Najpierw jeszcze jedna rzecz, bardzo ważna. Jeśli ciężko Ci zmienić cokolwiek, nie obwiniaj siebie (oczywiście innych tym bardziej nie obwiniaj 🙂 ). Rozwój osobisty jest dość ciężki do przeprowadzenia. Jest najważniejszym zadaniem, jakie człowiek ma do zrobienia, ale też i cholernie trudnym 🙂 . Tak więc jeśli coś Ci nie wychodzi, wiedz, że nie jesteś w tym sam/sama i po prostu spróbuj jeszcze raz, i jeszcze raz…

Teraz odnośnie tej wyśmienitej techniki, która jeśli przeprowadzona dobrze i sumiennie, zdziała dla Ciebie cuda.

1. Przez kilka dni na czystej kartce papieru spisuj wszystko co robisz z uwzględnieniem godziny. Na przykład:

6.00 obudziłem się
6.05 wstałem (to już Ci pokaże, że wstawałeś/wstawałaś 5 minut 🙂 )
6.06 poszedłem do łazienki się przemyć
6.15 zjadłem śniadanie i ubrałem się
6.45 wyszedłem do pracy (czyli 30 minut ubierania się i jedzenia)
… (nie ma po co wymyślać całego dnia dla potrzeby wyjaśnienia, ale…)
16.45 po przyjściu z pracy w ramach odpoczynku usiadłem przed telewizorem, żeby „se” pooglądać ( 🙂 )
18.45 wstałem od telewizora i usiałem do komputera przejrzeć maile
19.30 skończyłem przeglądać maile i wziąłem się za pisanie książki… 🙂
… i tak dalej

Spójrzmy na powyższy przykład. Co od razu tu widać? 2 godziny oglądania telewizji i 45 minut przeglądania maili! Czyli uświadomisz sobie na do dokładnie tracisz czas. Oczywiście, jeśli boisz się prawdy, nie zrobisz tego ćwiczenia sumiennie… 🙂 Ale jeśli chcesz więcej spełnienia od życia, to po prostu to zrób, inaczej nic się nie zmieni.
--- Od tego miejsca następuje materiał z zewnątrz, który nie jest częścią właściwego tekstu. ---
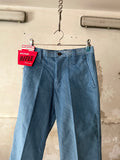 70's dead stock flare pants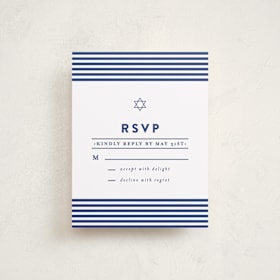 Mitzvah RSVP Cards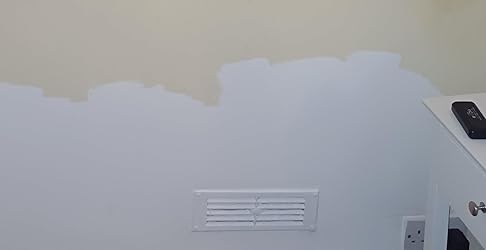 Tough & Washable Matt Emulsion Paint - Pure Brilliant White No.0 - 2.5L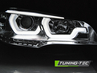 BMW X5 (E70) Tube Light, LED 3D Angel Eyes Első Fényszórók (Évj.: 2007 - 2013) by Tuning-Tec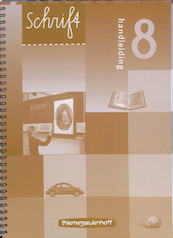 Schrift Handleiding groep 8 - (ISBN 9789006621297)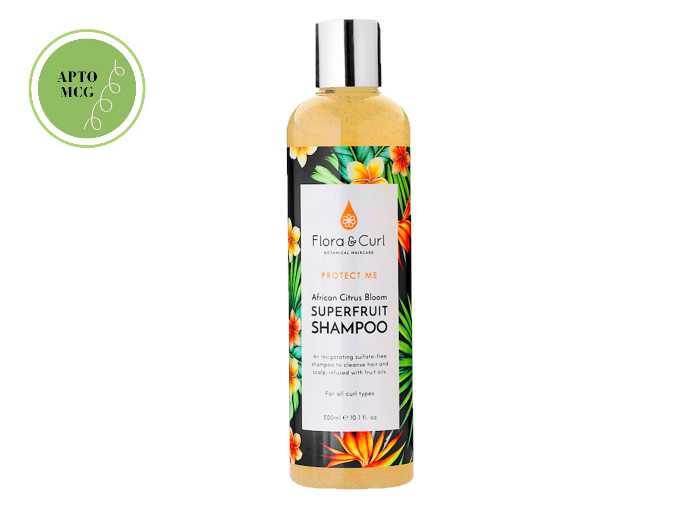Flora & Curl Superfruit Radiance Shampoo 300ml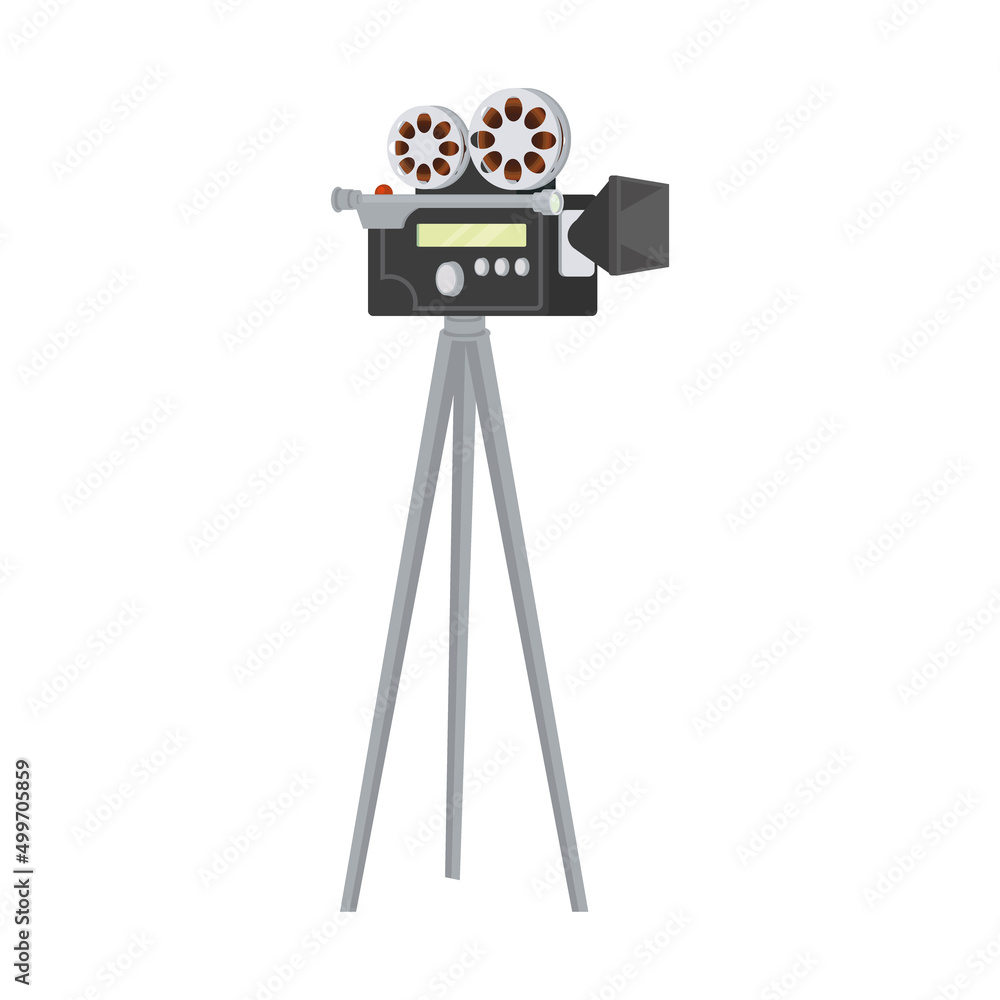 video camera illustration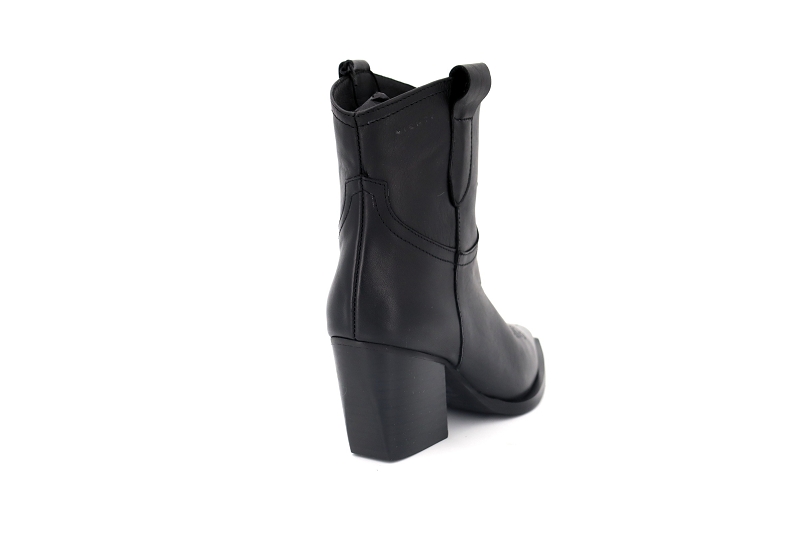 Vienty boots et bottines beta noir8188501_4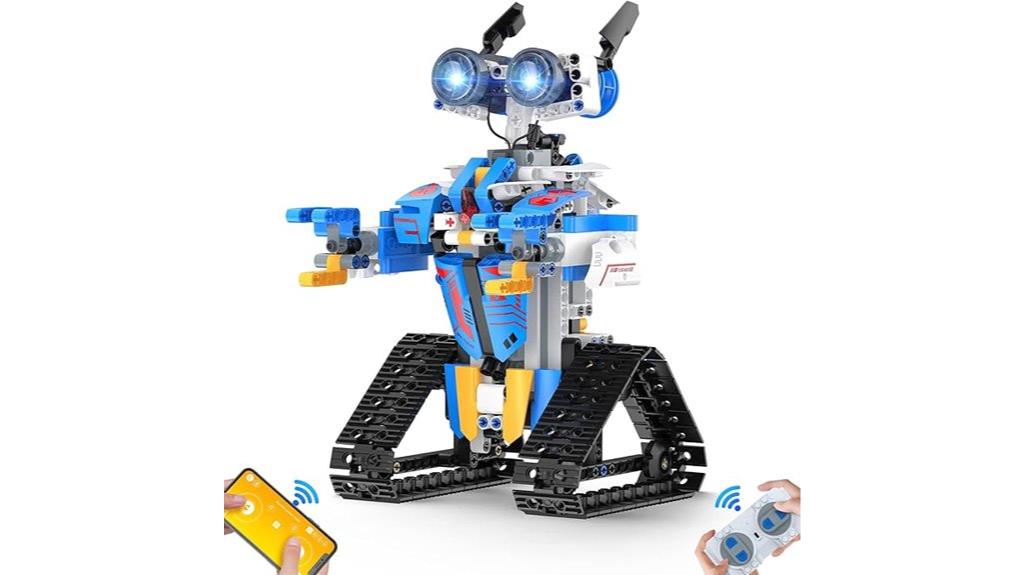 remote control stem robot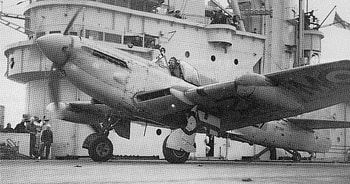 Fairey Firefly Mk IV, Prop, Fighter, WWII, Carrier HD wallpaper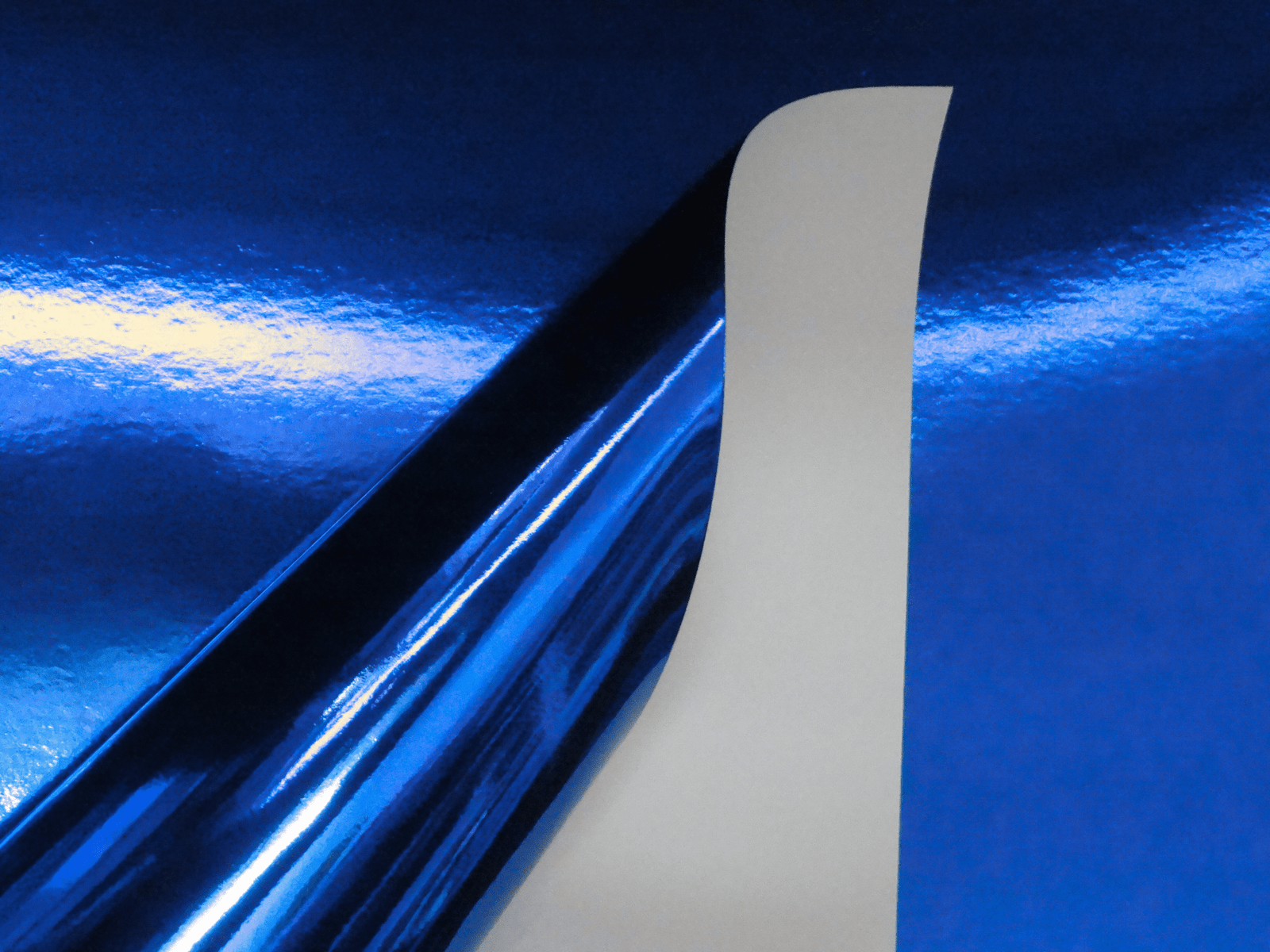Papel Artesanato 230g Azul Laminado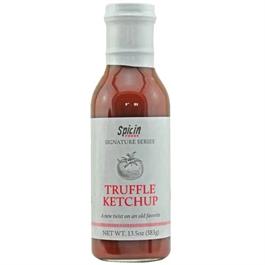 Spicin Signature Series Truffle Ketchup - 13.5oz (383g) - CLEARANCE thumbnail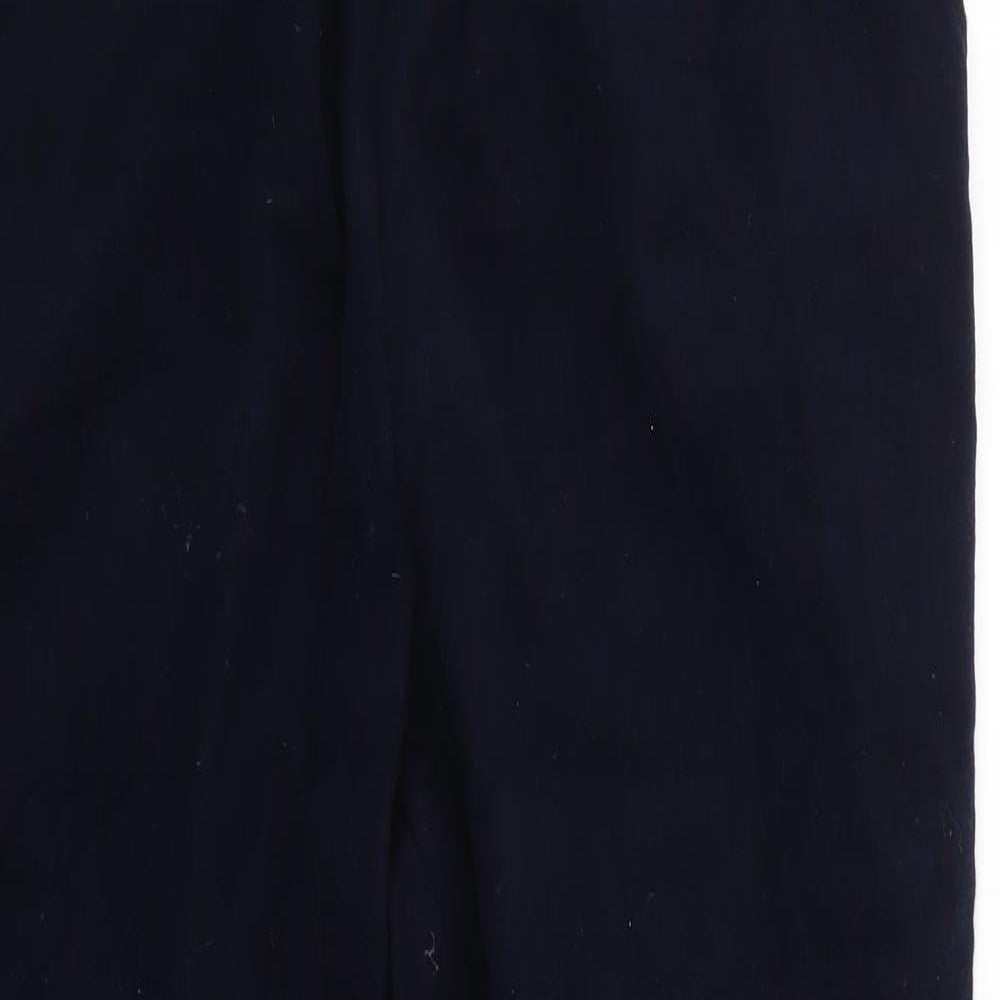 angelia gore Womens Blue   Jogger Trousers Size 16 L29 in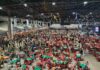 Festa das Nações: mais de 10 mil pessoas unidas pela solidariedade no Centro de Eventos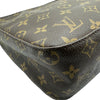 ルイ・ヴィトン LOUIS VUITTON ルーピングMM M51146 ブラウン モノグラム/レザー レディース ショルダーバッグ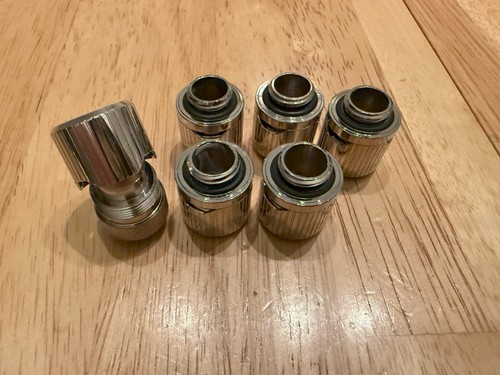 EKWB PC Water Cooling Fittings, extenders, misc. (only clear coolant ever used) - Bild 6 von 10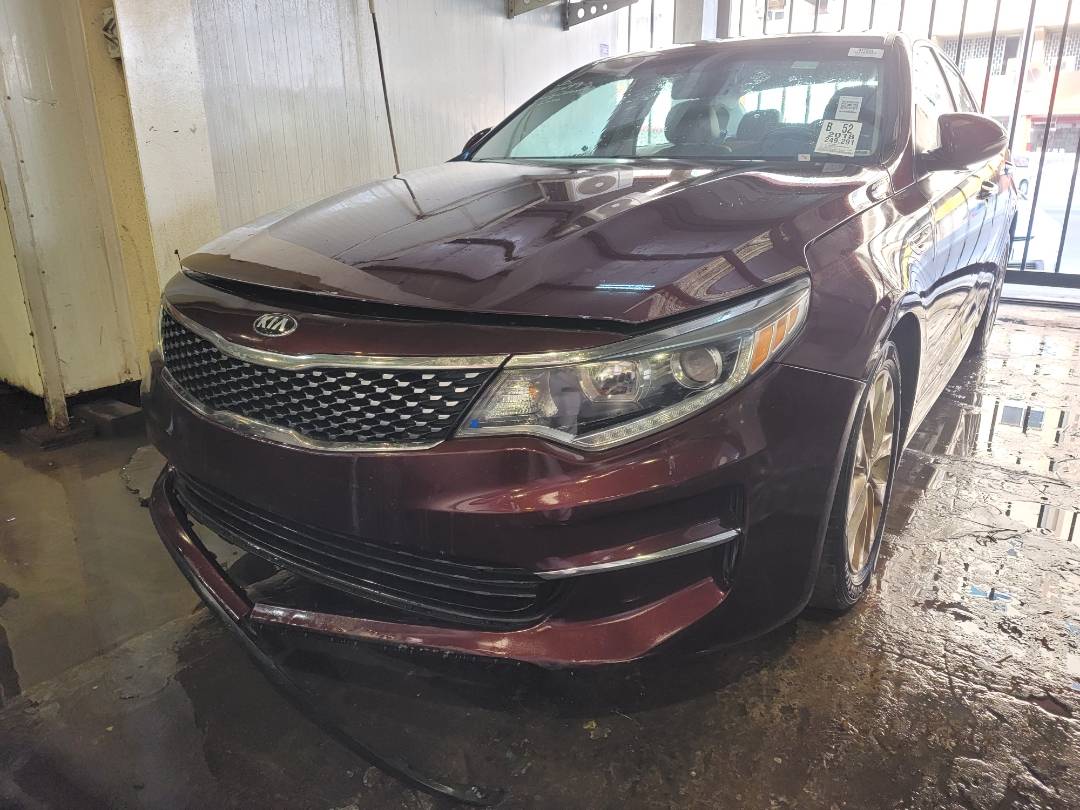 2018 KIA OPTIMA — 249294 Miles — Lot 36JG195649 — Main - Marhaba Auctions Used Cars - Image 3
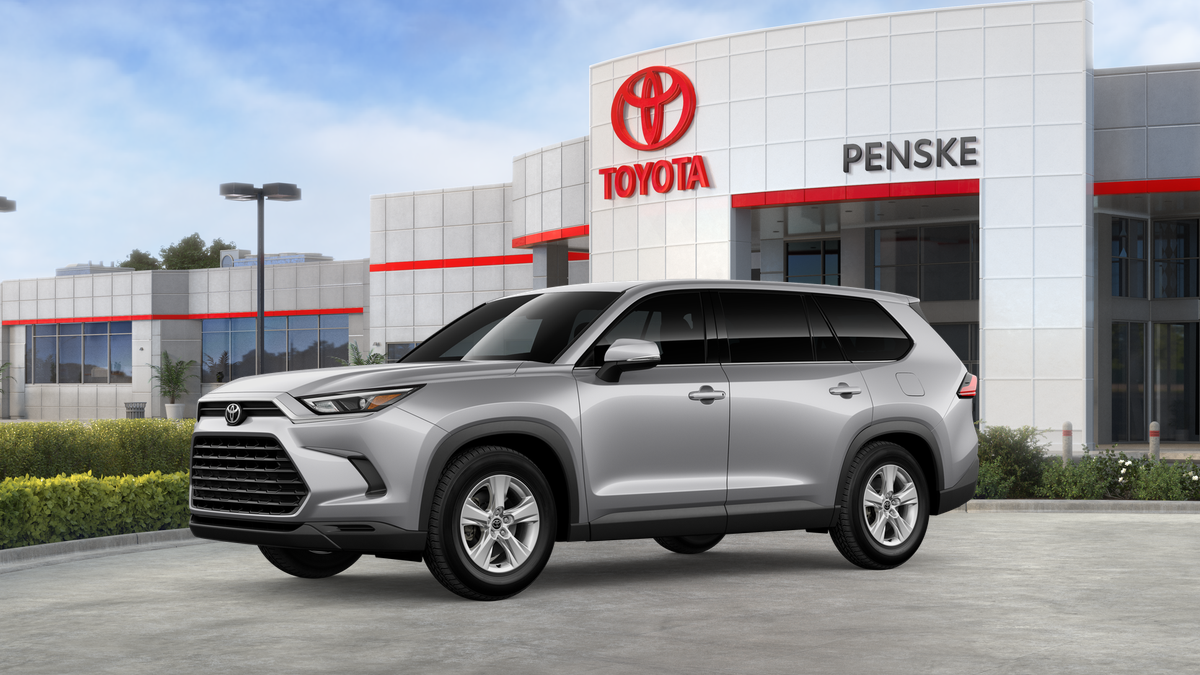 2026 Toyota Grand Highlander Hybrid Hybrid LE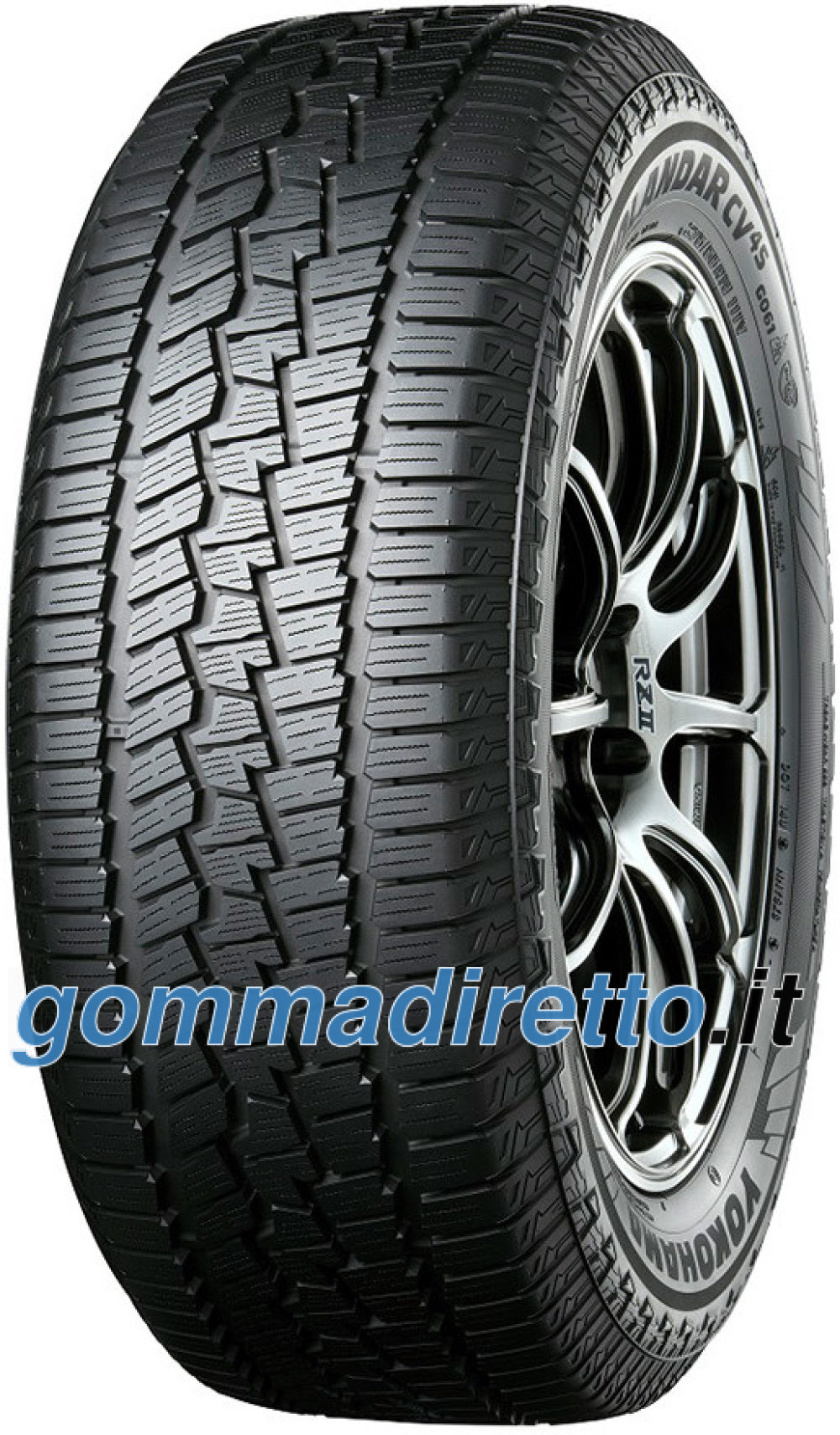 Image of Yokohama Geolandar CV 4S G061 ( 235/55 R17 103V XL, RPB )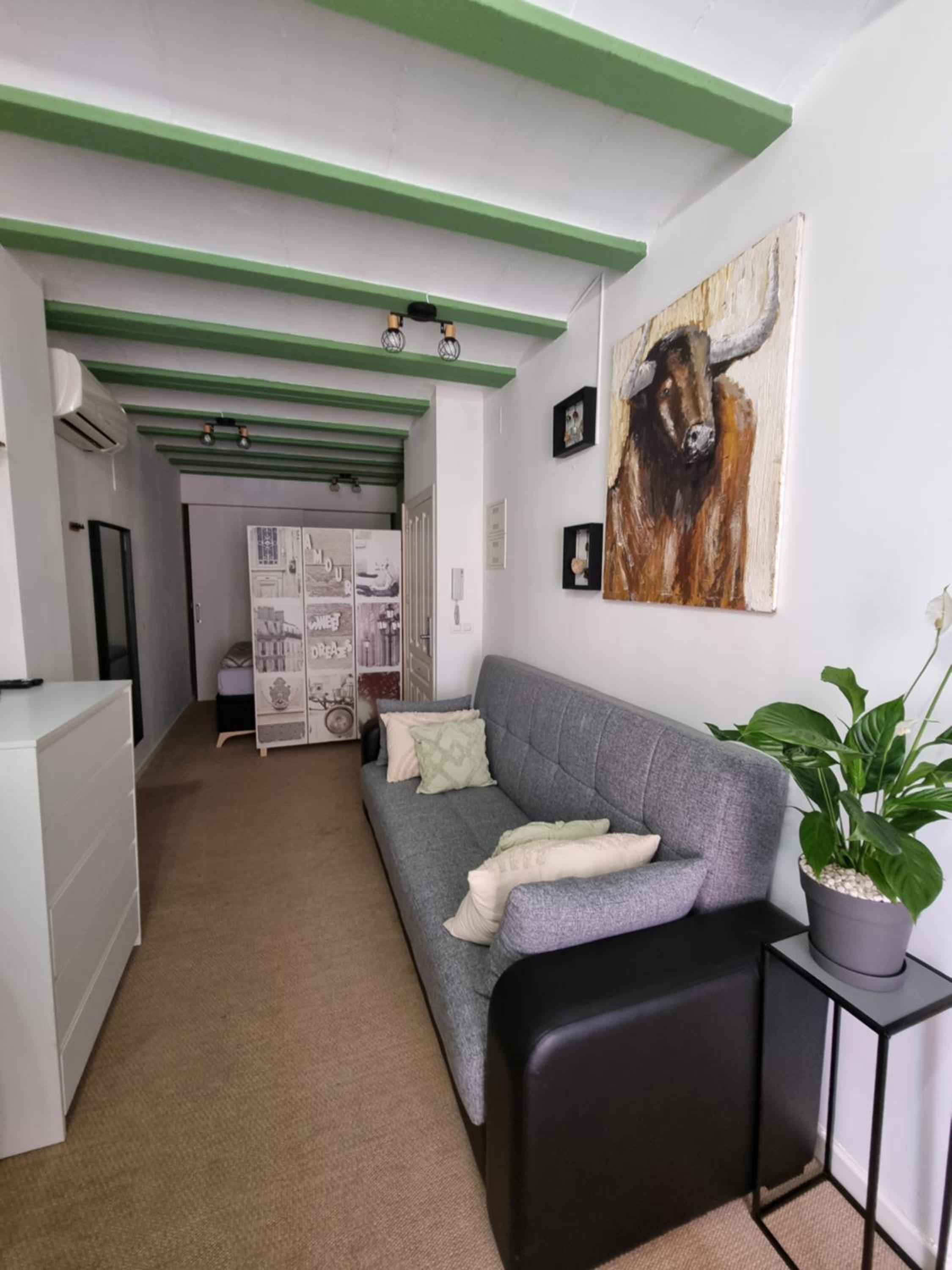 Apartamento de una habitación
Teraz druga część ćwiczenia powiązana z pierwszą. Czyli zmiana nawyków.

Oczywiście to tylko wstęp do zmiany. Jak już zobaczysz na własne oczy, gdzie czas przecieka Ci przez palce, wymyśl, jak to możesz zmienić i zapisz sobie na kartce obok. Najlepiej jako kontrakcję do konkretnego zmarnowanego czasu.

Na przykład:

Oglądanie telewizji po pracy przez 2 godziny -> zmieniam na wyjście ze znajomymi pojeździć na sankach 🙂 .

Oczywiście samo zapisanie tego da Tobie niewiele, chociaż jest to już coś na początek, bo jest to deklaracją chęci zmiany. Po wyobrażeniu sobie ewentualnych zmian w Twoich rytuałach staraj się jak najczęściej robić to, co zapisałeś/zapisałaś i nie dać się starym nawykom. Wymyślaj nowe, które są dla Ciebie korzystne. Jeśli znudzi Ci się jeżdżenie na sankach lub zniknie śnieg 🙂 wymyśl inne zadania, kto wie, może to pisanie książki przed snem przeniesiesz na 16.00 po przyjściu z pracy? 🙂 Na tym właśnie polega przemiana, z każdym dniem zaczynasz uczyć się coraz lepiej zarządzać swoim czasem i energią… Ale o tym kiedyś indziej.

Zmiana jest dość długim procesem i jest dużo do opisania, więc jeden post nie rozwiąże problemu, ale to jedno ćwiczenie może bardzo Tobie pomóc. Mi pomogło i dlatego się dziś nim z Tobą dzielę. Mam nadzieję, że skorzystasz na tym.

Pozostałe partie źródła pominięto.